Activity: Once you reach the line with "Happy Halloween trick" in the material below, copy each line exactly up to and including the line with "Shivan Dragon 218", and skip the pictures.
___ Extracted information
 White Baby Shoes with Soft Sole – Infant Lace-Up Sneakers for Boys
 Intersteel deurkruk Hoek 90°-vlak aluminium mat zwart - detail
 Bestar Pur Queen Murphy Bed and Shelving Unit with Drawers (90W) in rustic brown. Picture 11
______
___ Extracted information
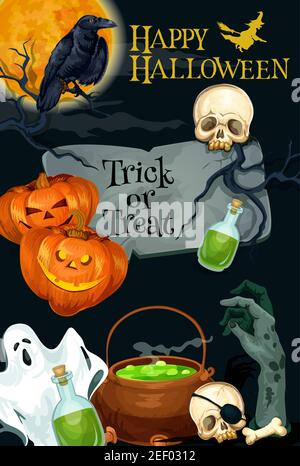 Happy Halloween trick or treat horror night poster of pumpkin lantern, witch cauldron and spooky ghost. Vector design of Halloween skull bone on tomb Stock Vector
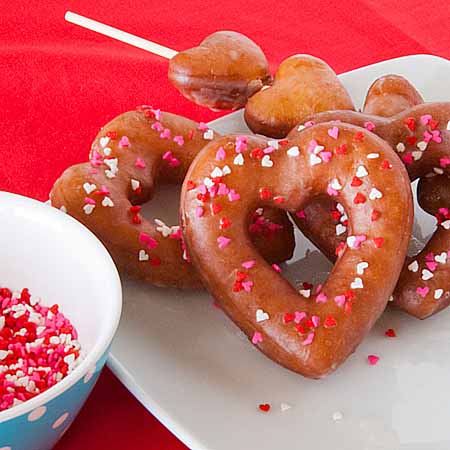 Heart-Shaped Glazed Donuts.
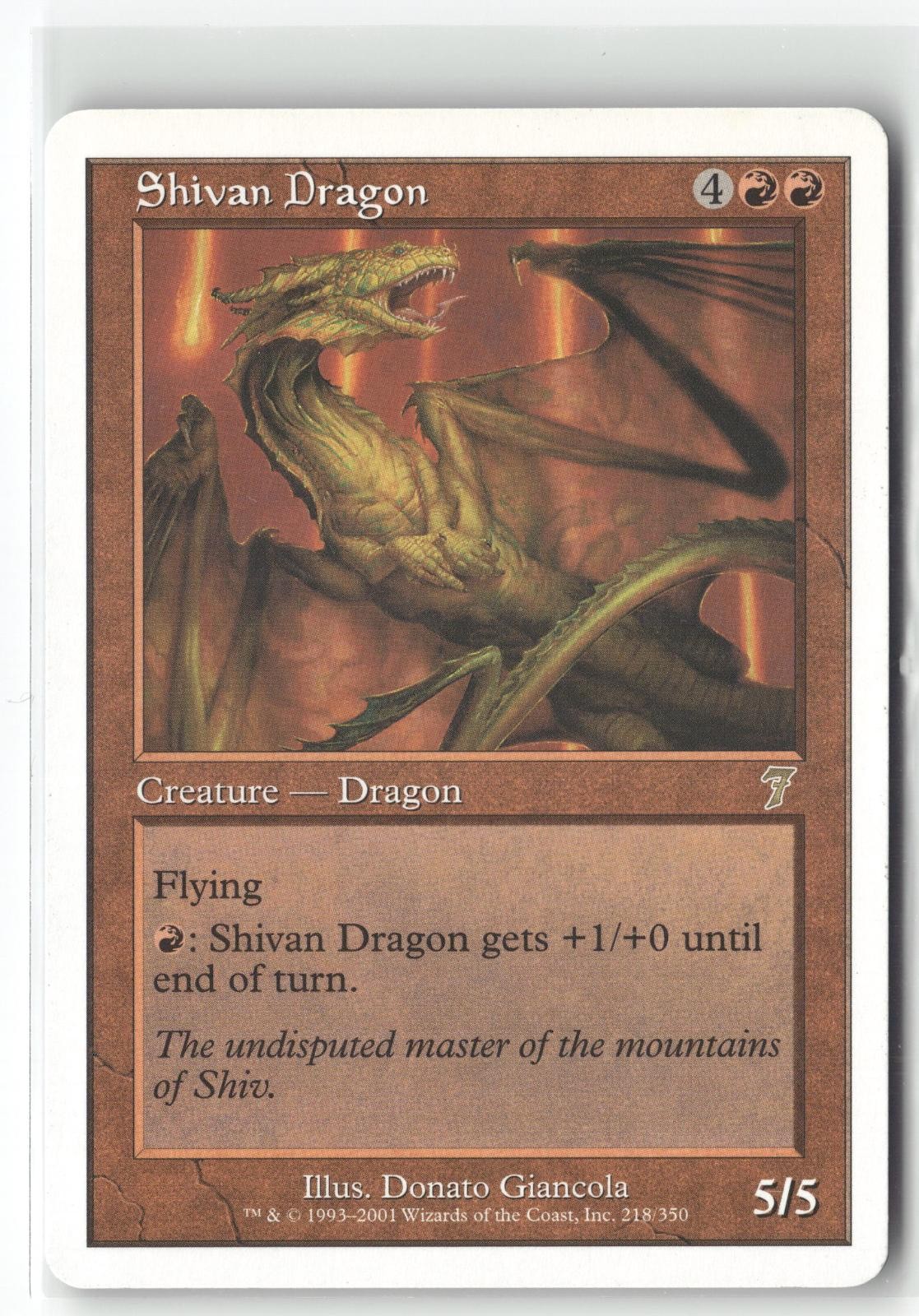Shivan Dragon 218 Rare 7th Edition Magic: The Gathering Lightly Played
______
Result of this exercise:
 Happy Halloween trick or treat horror night poster of pumpkin lantern, witch cauldron and spooky ghost. Vector design of Halloween skull bone on tomb Stock Vector
 Heart-Shaped Glazed Donuts.
Shivan Dragon 218 Rare 7th Edition Magic: The Gathering Lightly Played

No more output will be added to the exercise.